Finge ser semianalfabeto
O blogueiro aproveitou a situação para atacar a atual administração,
que segundo ele é a principal responsável pela disseminação de mentiras
na web. Ele diz-se apartidário e anarquista, mas seu alvo
invariavelmente é o PT nas sandices que publica. O homem é perigoso e
mal intencionado. É, na realidade, um elemento nocivo ao trabalho de
todos os blogueiros políticos sérios que existem no Brasil. Seu blog é
um espaço para piadas e brincadeiras de péssimo gosto e inclinações
fascistoides. E registra imensa disseminação a partir dele da informação
falsa no Facebook e no Twitter.
Quem partilhou aquela imensidade de informação falsa na web agiu com
ingenuidade perigosa. E acabou como piada para o blogueiro
não-identificado, que debochou de todos que embarcaram em sua loucura.
Postou insultos e deboches no Twitter sobre todos os que acreditaram
nele. Chegou a enganar algumas rádios do interior do país e muitos e
muitos outros blogueiros, além de publicações de pouca importância.
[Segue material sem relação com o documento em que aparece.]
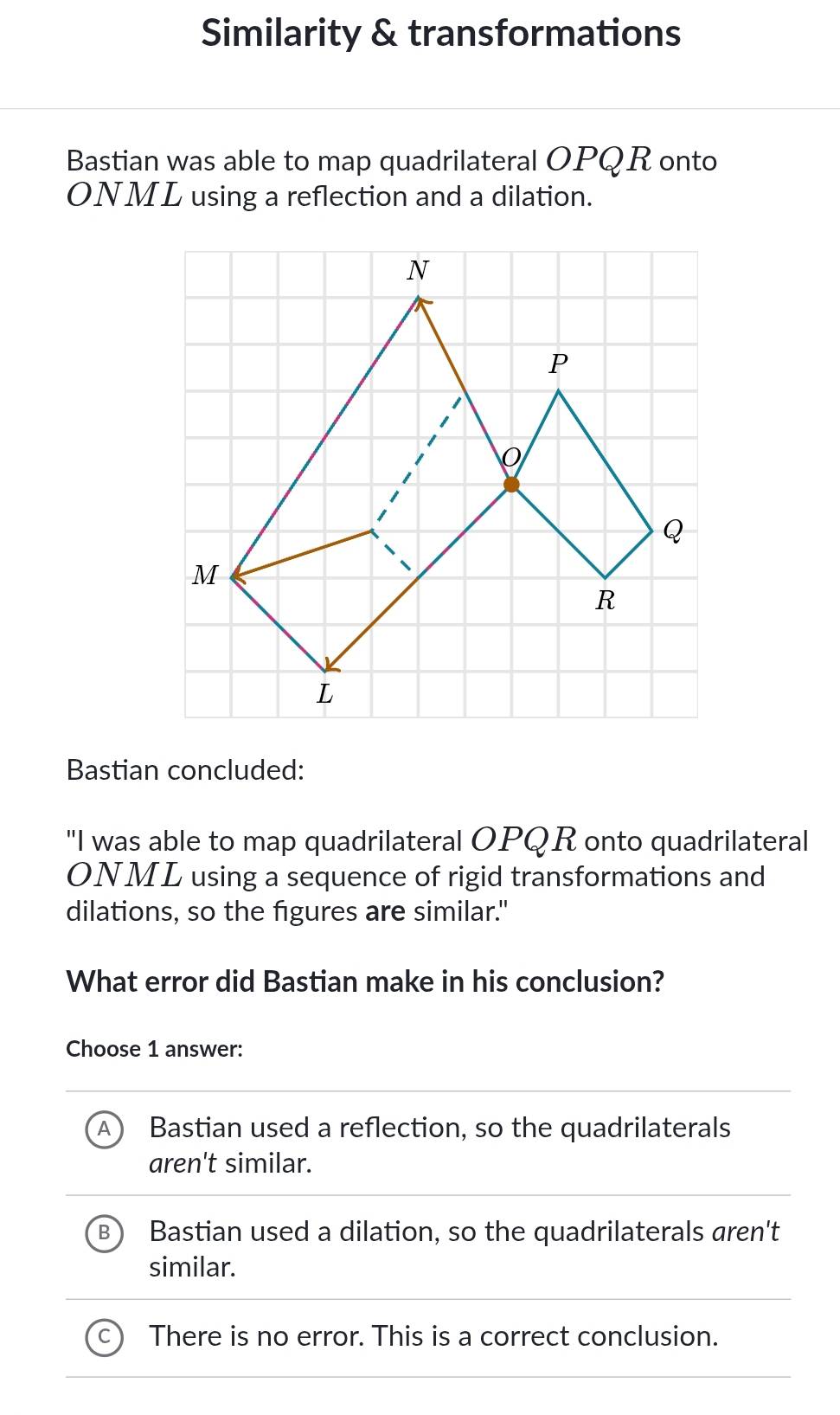 Similarity & transformations
Bastian was able to map quadrilateral OPQR onto
ONML using a reflection and a dilation.
Bastian concluded:
"I was able to map quadrilateral OPQR onto quadrilateral
ONML using a sequence of rigid transformations and
dilations, so the figures are similar."
What error did Bastian make in his conclusion?
Choose 1 answer:
Bastian used a reflection, so the quadrilaterals
aren't similar.
Bastian used a dilation, so the quadrilaterals aren't
similar.
There is no error. This is a correct conclusion.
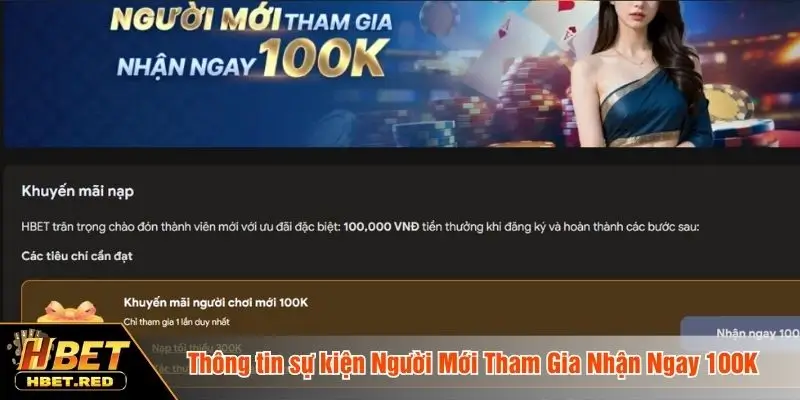 Thông tin sự kiện người mới tham gia nhận ngay 100K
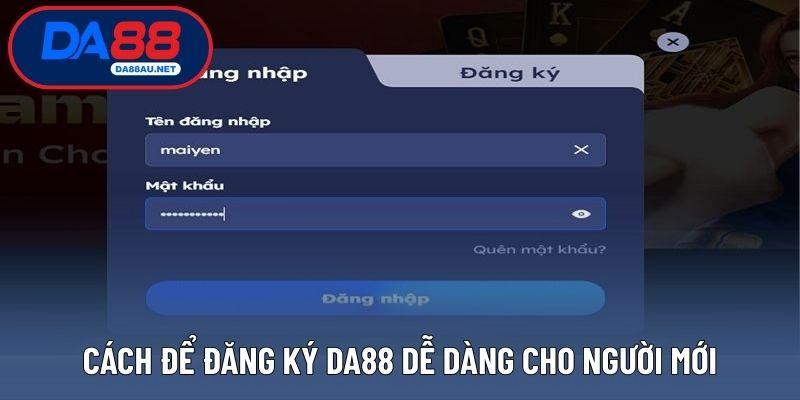 Cách để đăng ký DA88 dễ dàng cho người mới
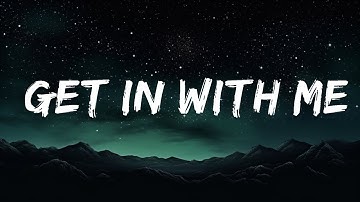 Thumbnail of 1 Hour |  BossMan Dlow - Get In With Me (Lyrics)  | New Best Song Lyrics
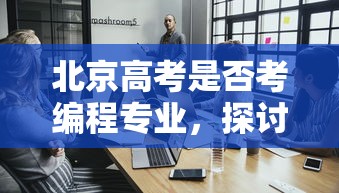 北京高考是否考编程专业，探讨与前瞻  第1张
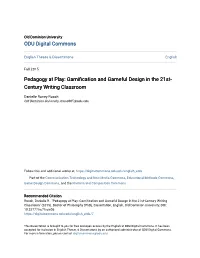 Pedagogy at Play: Gamification and Gameful Design in the 21St-Century Writing Classroom" (2015)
“Joselito” é uma invenção suspeita: esconde-se atrás de uma alcunha e
de seu blog, que apresenta fotos falsas como sendo suas. A última usada
foi a do falecido ator Warren Oates. O blog mostra ainda um homem
apontando uma pistola em direção de quem lê e uma antiga ficha da
censura dos tempos da ditadura militar. “Joselito” fez questão de
afirmar no Twitter que “não é réu primário” e já cumpriu pena por “por
homicídio e extorsão mediante sequestro com resultado de morte”,
ameaçou. Ele intimida explicitamente quem lhe faz oposição, a menos que
seja uma autoridade. Ele finge ser semianalfabeto, mas quem lê a fundo o
que ele escreve vê que a coisa não é tão simples assim: ele conhece a
lei, e parece usar um português vulgar como instrumento para esconder
sua verdadeira identidade.
“Deficientes cognitivos”
Não é difícil estabelecer um perfil aproximado do “Joselito”:
>> Ele ataca todos os partidos políticos;
>> Proclama-se anarquista, mas isso não é compatível com suas ideias;
>> Tem uma agenda ultraconservadora e uma veia agressiva;
>> Parece também bem sustentado por gente mais poderosa do que o alcance de suas mentiras;
>> Dispara seu fel contra tudo e contra todos;
>> Usa a democracia para desacreditá-la;
>> Segue gente importante no Twitter. De todas as tendências políticas.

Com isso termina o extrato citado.